**INSTRUCTIONS FOR THE TASK**
Retype the lines below exactly, but only those from the line that has "ヒメ日記 2025/10/14 16:40 投稿 ことり もぎスパ" through the line that has "Polar Bear napping". Omit every picture.
......
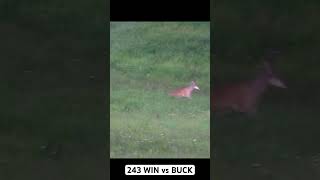 243 WIN vs BUCK | DEPREDATION SEASON #hunting #243 #winchester #deer #bucks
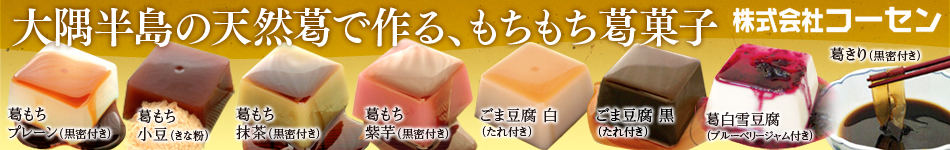 コーセンバナーPC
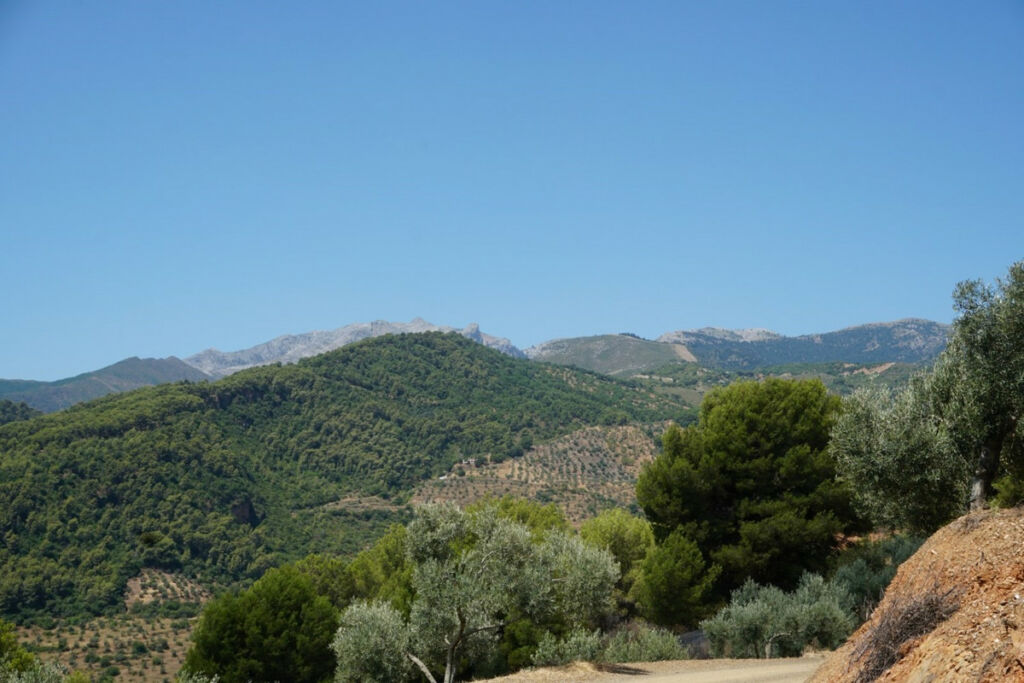 Finca - Cortijo Yunquera Málaga - Bild 20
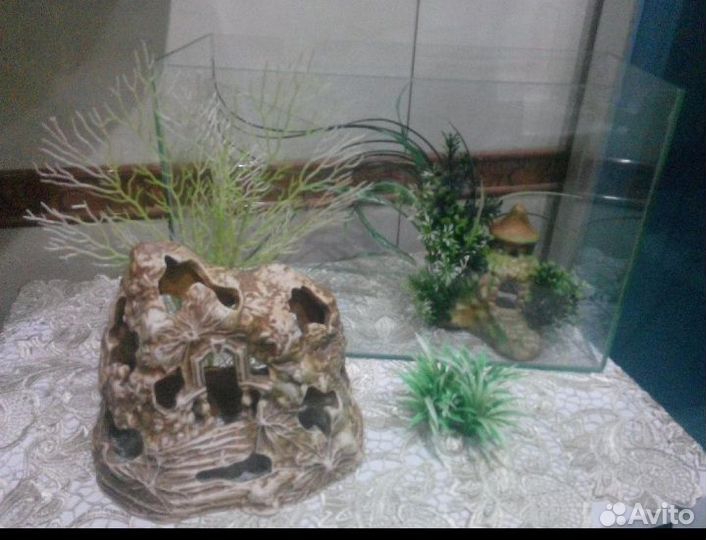 Аквариум + декор в подарок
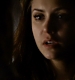 Filename=TVD_395.JPG
Filesize=31KiB
Dimensions=1280x728
Date added=Mar 05, 2017 TVD_395.JPG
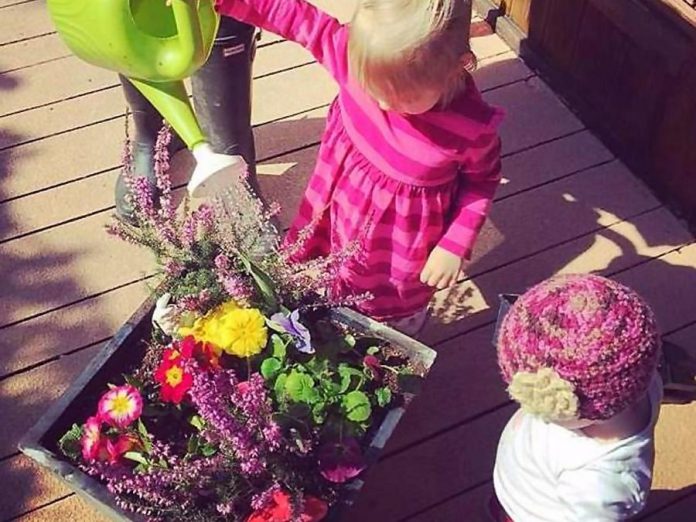 Local greenhouses are open for the spring season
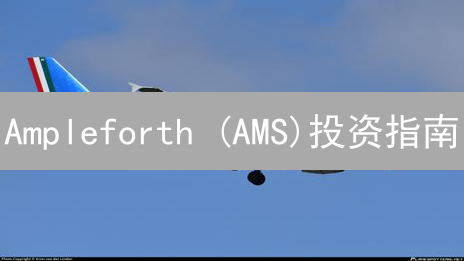 Ampleforth (AMS)投资指南：新手如何避坑？风险与机遇全解析！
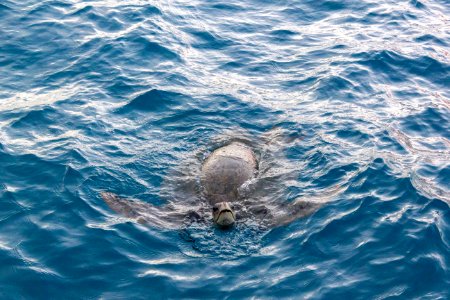 A green sea turtle (Chelonia mydas) swims near the Cargo Pier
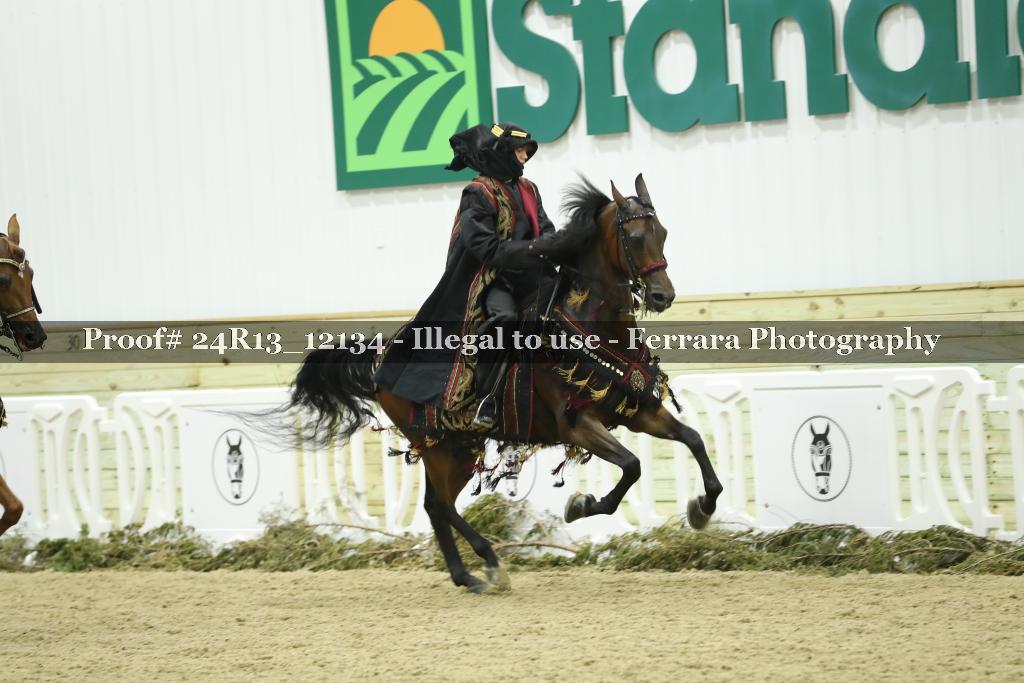 Proof 24R13_12134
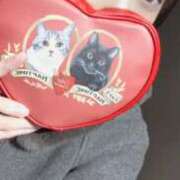 ヒメ日記 2025/10/14 16:40 投稿 ことり もぎスパ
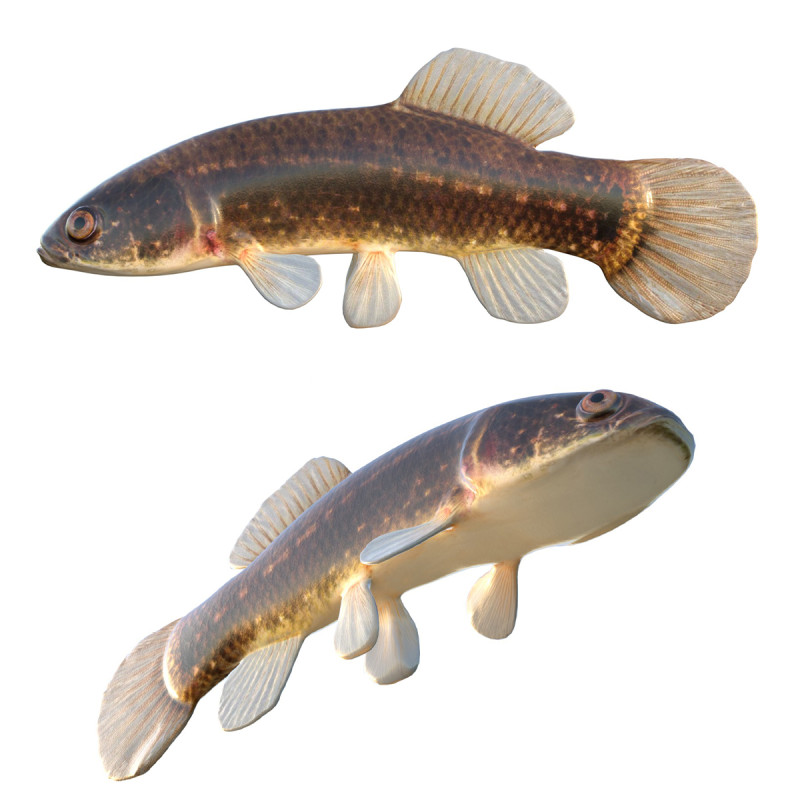 Pez Mudminnow del este Modelo 3D .c4d .max .obj .3ds .fbx .stl .blend 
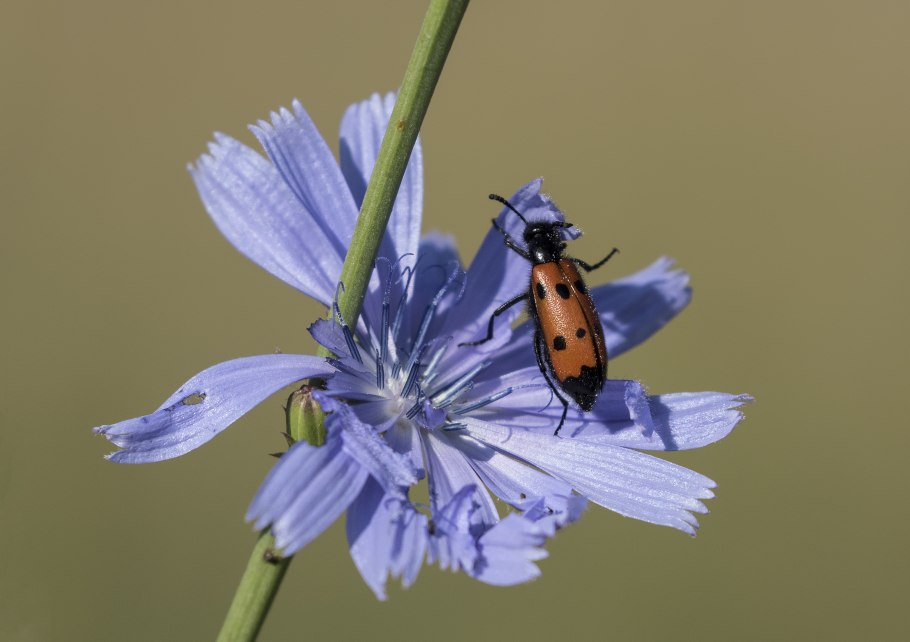 Перисто лопастной цикорий
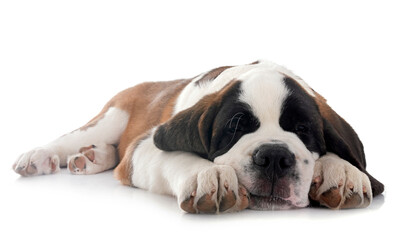 Fototapeta premium puppy saint bernard in studio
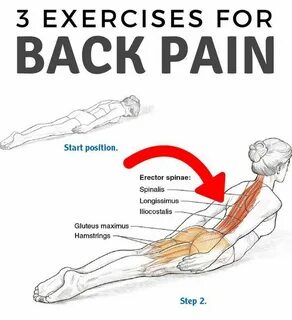 Back exercises
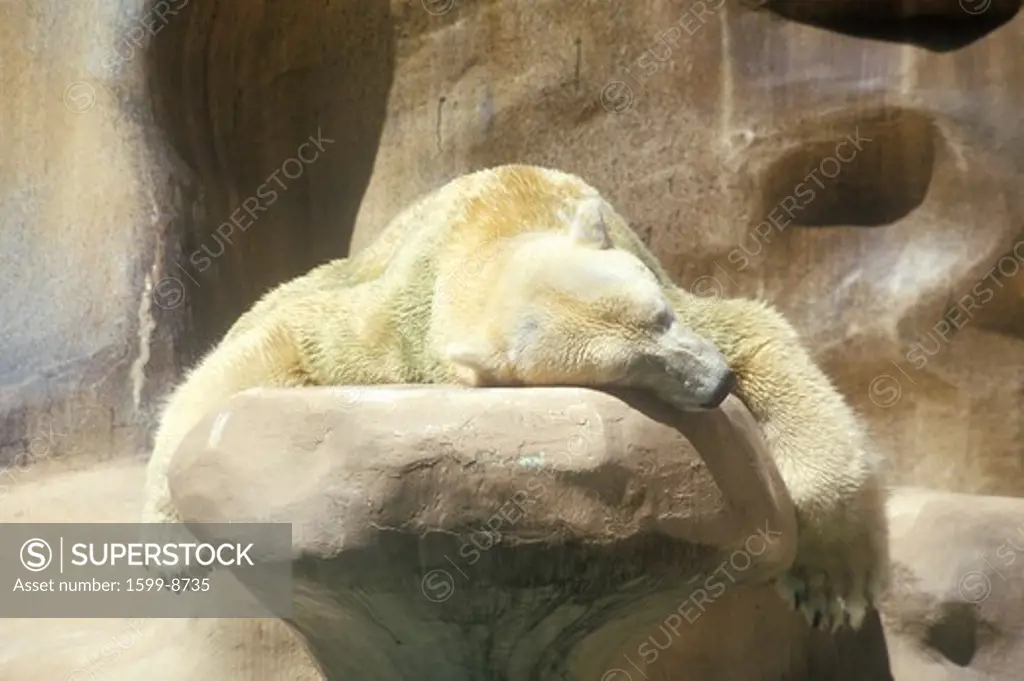Polar Bear napping at San Diego  Zoo, CA, Ursusmaritmius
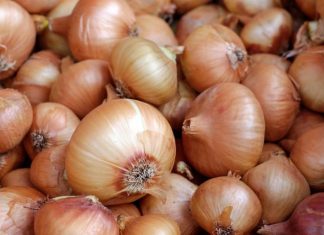 Može izazvati trovanje: Ako ovo primjetite na luku, obavezno ga bacite Može izazvati trovanje: Ako ovo primjetite na luku, obavezno ga bacite - featured image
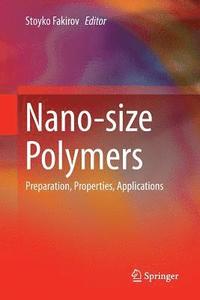 bokomslag Nano-size Polymers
......
**ANSWER TO THIS PROBLEM**
 ヒメ日記 2025/10/14 16:40 投稿 ことり もぎスパ
 Pez Mudminnow del este Modelo 3D .c4d .max .obj .3ds .fbx .stl .blend 
 Перисто лопастной цикорий
 Fototapeta premium puppy saint bernard in studio
 Back exercises
Polar Bear napping at San Diego  Zoo, CA, Ursusmaritmius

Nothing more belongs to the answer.